Thursday, August 20, 2009

Oh Mom, You Never Disappoint




Consistency, thy name is Mother.

I had a shock this week in my personal life. One of those things that catch you off guard and take your breath away. I am not going to get too far into it other than to say someone I cared about very deeply has moved on with his life as was his right and quite honestly, his obligation to himself.

However, that doesn't make the pain any less.

So I did what any 40 something year old does in a situation such as this.

I went crying to my mommy for comfort.

Obviously you see how distraught I must have been to take such a step but it is hard to be logical when your emotions have taken over.

Her response was very reassuring and supportive...

"Shame on him!" she said.

Yeah. I thought. Shame on him for hurting me and not preparing me for this shock. Shame on him for allowing me to continue thinking our friendship was salvageable when he obviously felt it was not.

Whew. Thanks Mom.

Now what I should have done, was quit while I was ahead. But no, I never learn. I let her pour me a cup of coffee and she went on.

"Of course it is your own fault. You never did show the loyalty to him that you should have. You consistently make bad choices and then wonder why things backfire in your face. You don't give people the attention they deserve and expect them to just stick around for more abuse." Blah- Blah- Yada- Yada- you suck-

Sigh. Thanks Mom. Say Hi to Dad.

17 comments:

The Girl said...

YIKES honey....I'll just say shame on him and stop there ! Hope your feeling a little better.

Karen said...

So sorry. Being hurt doesn't get any easier when we get older.

The Dish said...

Sorry Mom is such a buzz kill... And sorry you were hurt!

J Fab said...

Yeah... I quit going to mom a long time ago... Now, I go to Elle! She is a wnderful listener and she doesn't judge. No matter what.

Evil Twin's Wife said...

I have a close friend I go to for compassionate conversation. My mom was much like yours - and that woman could hold a grudge forever, so if I told her something hurtful someone had done, she would hate that person forever, while I was just "venting", ya know?

Libby said...

yeah, obviously, you've now found out it's not a good idea to go to mom for comfort and sympathy when we get to be this age. hmmm...i'm really sorry, you know. although it's a good lesson for you to learn about what anna's going to want in her future, as far as how you want her treated!

Christine said...

Good point Lib. Jimmy is constantly amazed at his granny and how I survived her. Of course he plays her like a violin being the golden child but even he notices that she can be nutz.

Shiny Rod said...

Sorry to hear that Christine. I know your pain all to well. I pour my heart out when I think someone is receptive jus to see it dashed upon the shores of despare.
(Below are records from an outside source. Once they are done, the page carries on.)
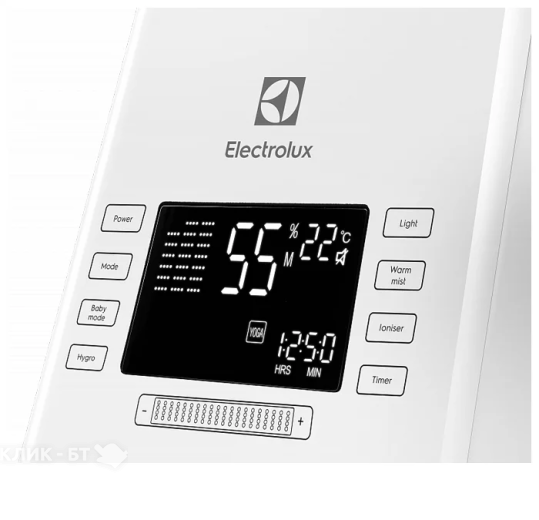 Увлажнитель воздуха Electrolux EHU-3715D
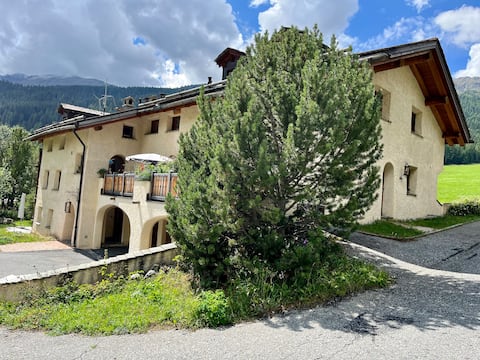 Relaxation in a cozy apartment & fantastic nature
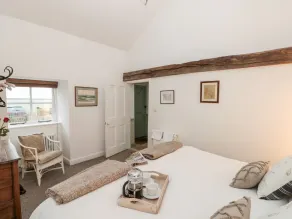 Brook Cottage - Værelse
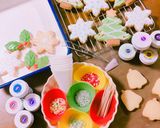 型抜きクッキー作り方13写真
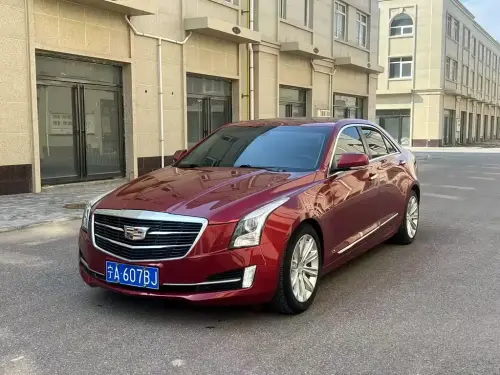 Cadillac ATS, 2020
Karen, you are so correct, the older you get the more it seems to hurt. It also gets harder to put yourself out there again but you do in hope that the next one will be the person who loves and supports you through whatever may come. I did it twice and got kick in the proverbial, well you know so now I play things as they come. I see no interest, I back off. i gets better as you move past it. Cheers, chin up, now go out there and try it again.

Coffeypot said...

I can't say anything that will make you feel better, but, if you want, I'll track down the son-of-a-bitch and kill him slowely for you. Or worse...make him live with my ex for the rest of his life.

Shiny Rod said...

Coffeypot - I think they consider that cruel and inhuman punishment.

Christine said...

Wow. thanks guys. This is really nice. I'll survive. There are worst things than an ouchy heart and a bruised ego.

Although CP offer is tempting... How much would a thing like that cost? lol

GiGi said...

I have to learn to stop going to my mom, too....its always the same old shit. Sorry to hear about your troubles....{{hug}}

Shiny Rod said...

I posted the response to your question on my site. Thanks Christine

Special K said...

Ouch! Damn it, nothing like a bruised heart! :( (((HUGS))) I feel ya!

So Single said...

Really sorry an important person let you down. That is the worst feeling.

I rarely talk to my mom about that kind of stuff, although we have grown closer in the last few years. We are just so different.

I say find a great close friend to talk to. You are close to your sis as well.

I hope you feel better soon.

Christine said...

Vm: Can always talk to sis and sister in law..yup. Also have two lifelong friends. But then what would I have to blog about? Besides..everyone needs a smack down every once in a while and honestly, Mom was right. (Ssshhhh)

Coffeypot said...

How much would it cost? Twenty to twenty five years. In my case that would be life.